Dopo aver azzerato il marzo del turismo, il coronavirus cancella anche il mese di aprile, vacanze di Pasqua e ponti di primavera inclusi, per un totale di 10,5 milioni di viaggiatori ‘svaniti’ e di 3,3 miliardi di consumi turistici perduti. A stimarlo e’ Cst Firenze per Assoturismo Confesercenti.

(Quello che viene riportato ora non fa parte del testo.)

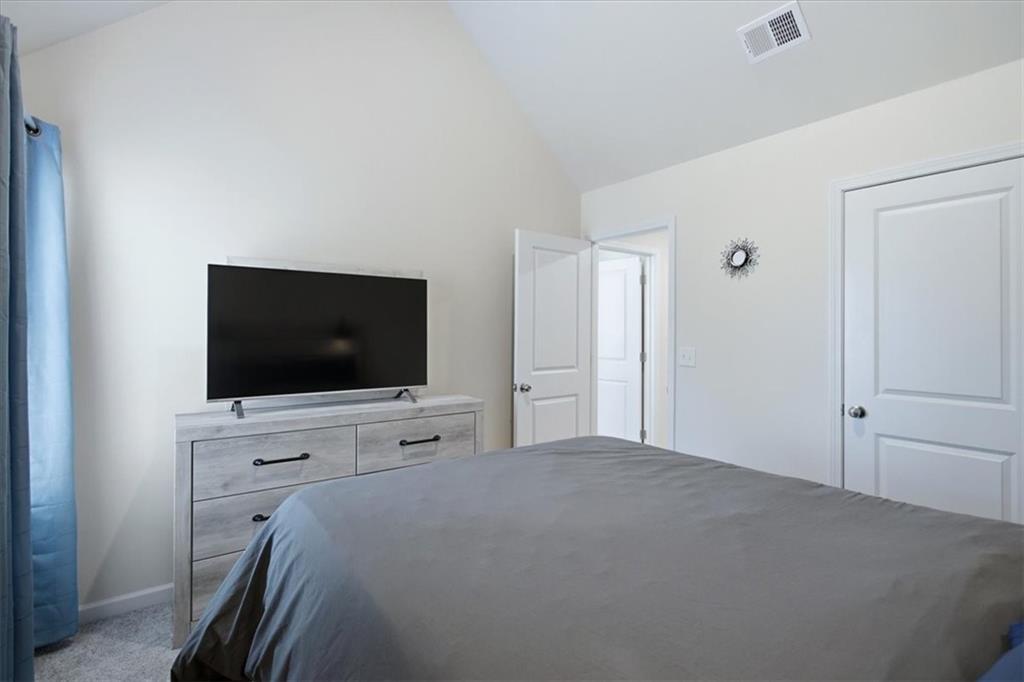 3980 Riverchess Drive Southwest Atlanta, GA 30331 - Photo 17 of 46 a bedroom with a bed and a flat screen tv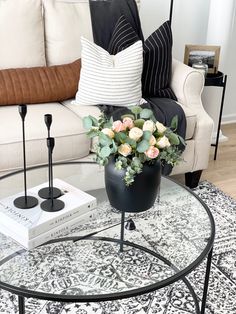 a coffee table with flowers on it in front of a couch and two candlesticks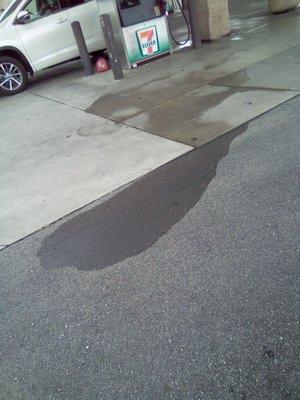 Gasoline spill left unattended by store employees.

Per la filiera turistica italiana e’ uno shock: il mese di aprile rappresenta il momento della ripresa degli spostamenti, ma anche il periodo della riapertura delle imprese stagionali del balneare, dei laghi e piu’ in generale del segmento dell’open air. “Lo stop improvviso ha messo in ginocchio il comparto, colpendo direttamente tutte le attivita’ della ricettivita’ e dei servizi turistici”, commenta Vittorio Messina, presidente nazionale di Assoturismo. “Lo scorso anno si dibattevano i presunti pericoli dell’overtourism, quest’anno si vive la catastrofe dello zero tourism. Si fermano gli alberghi, i B&B, i villaggi turistici e i camping; gli stabilimenti balneari valutano di rinunciare ai preparativi d’inizio stagione. Svaniscono i ricavi anche per i servizi del settore, dalle agenzie di viaggi alle guide, dagli ncc ai bus turistici. Per non parlare della crisi dei pubblici esercizi e dei ristoranti, solo parzialmente alleviata – e in una minoranza dei casi – dalla vendita a domicilio, che il piu’ delle volte vuol dire passare per le piattaforme delle grandi multinazionali e subire una ulteriore riduzione dei margini”.